3 B's Today! Rona Barrett, Betty Buckley, Barbara Cook!


It's ironic, but until you can free those final monsters within the jungle of yourself, your life, your soul is up for grabs.
Rona Barrett

Happy Saturday!
Today, I am writing about three women who have touched my life. One is celebrating a birthday. One is currently appearing at Feinstein's. One will be returning to Feinstein's next month.

I'd like to begin my blog today by wishing Rona Barrett a very happy birthday. Rona, you don't know me but you got me through the 70s. I've several times written about my childhood in South Carolina and truly being a product of 70s television. In addition to the shows I watched, Rona Barrett's Hollywood was a definite guilty pleasure! For my readers who are too young to remember, this magazine was the last of the great movie magazines. It had gossip, great articles, and great pictures.


Rona Barrett (born Rona Burstein, October 8, 1936, New York City) is an American gossip columnist and businesswoman. She currently runs the Rona Barrett Foundation, a non-profit organization in Santa Ynez, California, dedicated to the aid and support of senior citizens in need.

Pick your enemies carefully or you'll never make it in Los Angeles.
Rona Barrett

The healthy and strong individual is the one who asks for help when he needs it. Whether he's got an abscess on his knee or in his soul.
Rona Barrett

Happy Birthday, Rona!

Also, I want to congratulate Betty Buckley on her rave review in the New York Times for her current show at Feinstein's. I, like most of my generation, first became familiar with Betty in Carrie and then fell in love with her on EIGHT IS ENOUGH.
What an incredible concert, recording, and theatrical career she has has. Years ago we were seated together at Quinn Lemley's THE HEAT IS ON show, Quinn's tribute to Rita Hayworth. I found Betty to be like running into an old friend. She seemed very interested in knowing who Danny and I were and asked a lot of questions. A wonderful memory we have.
I don't know how it happened, but the day after Danny and I were married, Betty called us by accident!
She dialed a wrong number (Ours)when we both realized the mistake, she was very congratulatory to both of us!
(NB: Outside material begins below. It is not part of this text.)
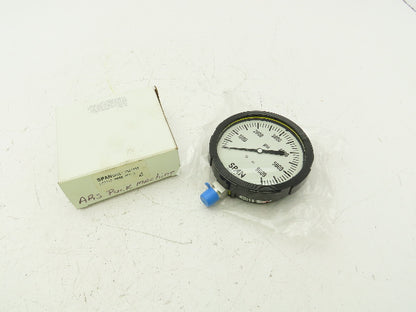 Span LFS312-6000-PSI-G Pressure Gauge 0-6000 PSI 1/2"NPT Bottom Mount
We also saw her in Sunset Boulevard, one of the most incredible performances I EVER saw on Broadway! I wish there was a category for replacement stars. She definitely would have gotten the Tony for her performance. It still resonates strongly with me these many years later. Danny and I try to catch her when we can in concert. It is ALWAYS a treat. Yes, I'm a FAN!
Betty Lynn Buckley (born July 3, 1947)...how appropriate that she made her Broadway debut in 1776! Broadway debut as Martha Jefferson.
In 1970, Betty had the starring role of Fran Kubelik in London production of Promises, Promises.
She received an Evening Standard Award nomination for best actress in a musical.
(She eventually went on to recieve a Tony Award and a Grammy Award nominee.)
In 1971, Betty returned to the musical 1776 on Broadway.
In 1972, Betty appeared in What's A Nice Country Like You Doing In A State Like This?, off-Broadway
In 1973, she appeared as Catherine in the Bob Fosse Broadway musical Pippin.
(From my friend, Magda Katz:Betty Buckley: Not only is Betty Buckley a talented lady but a warm and friendly person. Meeting and talking to her after the show was a treat. Betty's performance at Feinstein's was special because she brought originality to songs that have been done many times. I thought her theme of having a woman sing songs that have always been song by man was a brilliant idea. It gave the lyrics nuances that were different and fresh. Every young performer needs to see what a perfect performance by an ultimate professional can be.)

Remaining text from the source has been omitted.